Spatial Analysis of Notified Cryptosporidiosis Infections in Brisbane, Australia

Annals of Epidemiology, Volume 19, Issue 12, Pages 900-907 (December 2009)

Wenbiao Hu, Kerrie Mengersen, and Shilu Tong

“This study explored the spatial distribution of notified cryptosporidiosis cases and identified major socioeconomic factors associated with the transmission of cryptosporidiosis in Brisbane, Australia.

“We obtained the computerized data sets on the notified cryptosporidiosis cases and their key socioeconomic factors by statistical local area (SLA) in Brisbane for the period of 1996 to 2004 from the Queensland Department of Health and Australian Bureau of Statistics, respectively. We used spatial empirical Bayes rates smoothing to estimate the spatial distribution of cryptosporidiosis cases. A spatial classification and regression tree (CART) model was developed to explore the relationship between socioeconomic factors and the incidence rates of cryptosporidiosis.

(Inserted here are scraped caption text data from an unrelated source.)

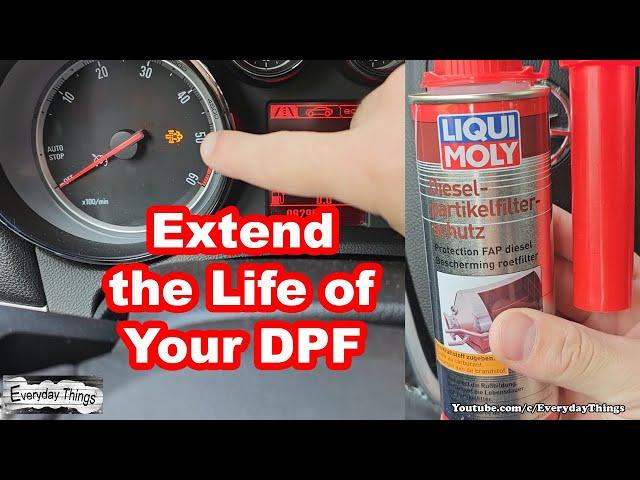 How to use Liqui Moly Diesel Particulate Filter DPF Additive and Extend the Life of Your DPF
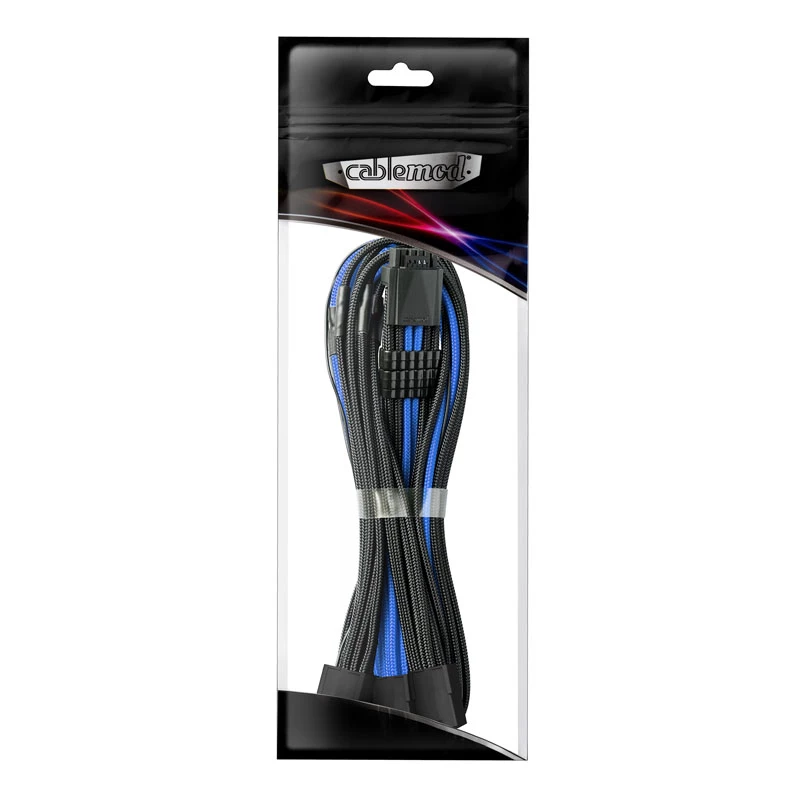 Stromkabel CableMod PRO ModMesh 12VHPWR auf 8-Pin PCIe, 45 cm, schwarz/blau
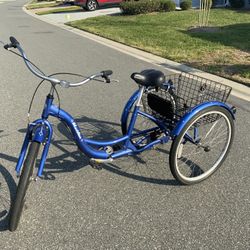 Schwinn 26 in. Meridian Adult Tricycle, Single Speed,blue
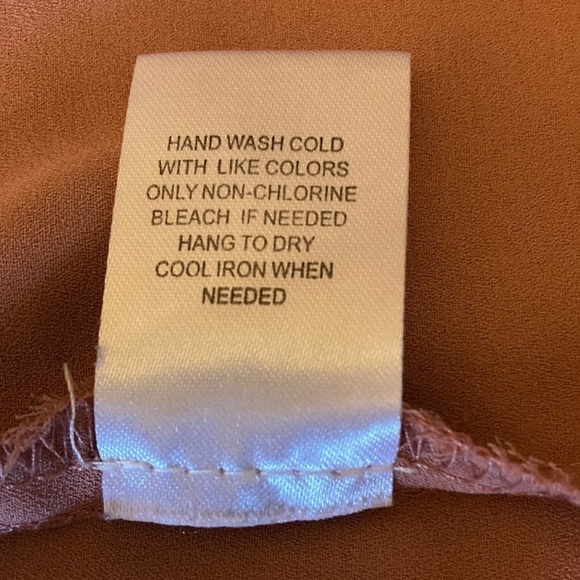 Black Rainn | Blush Polka Dot Blouse Neck Bow Tie Chiffon Overlay Plus Size 2X - Picture 5 of 6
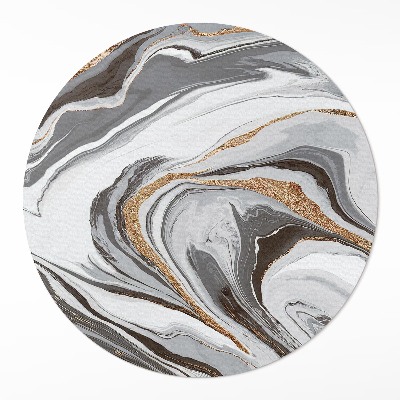 Pvc mat rond Marmeren glamour decoratieve abstractie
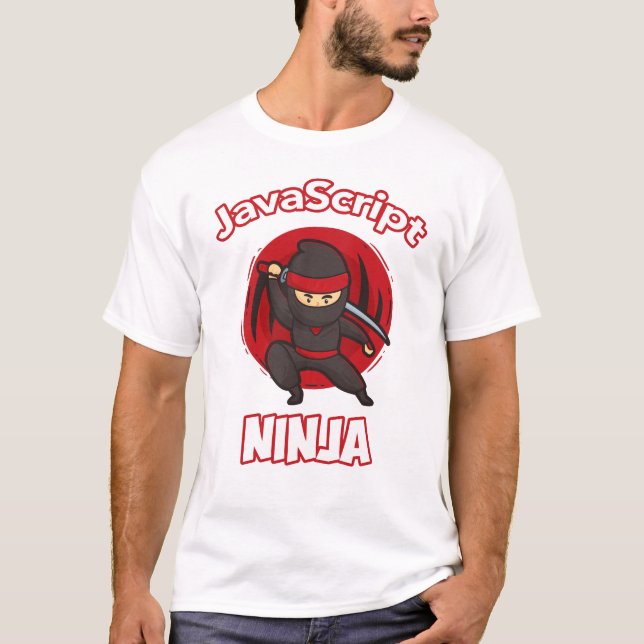 JavaScript Programmer Ninja T-Shirt (Front)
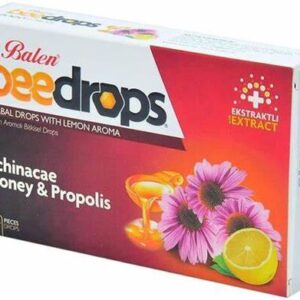 Balen BeeDrops Echniacea, Honey, Propoli and lemon Lozenges 24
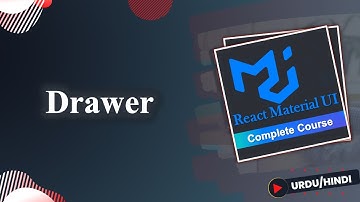 Drawer in Material UI |  Material UI Course in Hindi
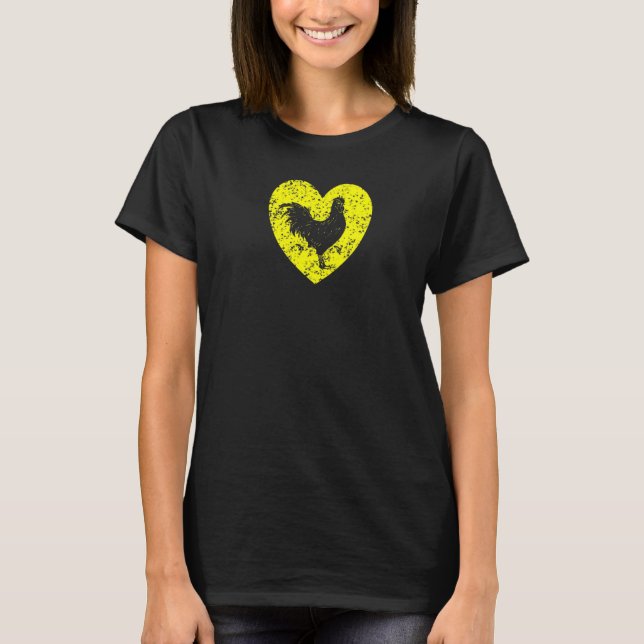 Camiseta Amo a los pollos granjero (Anverso)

“Spatial empirical Bayes analysis reveals that the cryptosporidiosis infections were primarily concentrated in the northwest and southeast of Brisbane. A spatial CART model shows that the relative risk for cryptosporidiosis transmission was 2.4 when the value of the social economic index for areas (SEIFA) was over 1028 and the proportion of residents with low educational attainment in an SLA exceeded 8.8%.

“There was remarkable variation in spatial distribution of cryptosporidiosis infections in Brisbane. Spatial pattern of cryptosporidiosis seems to be associated with SEIFA and the proportion of residents with low education attainment.”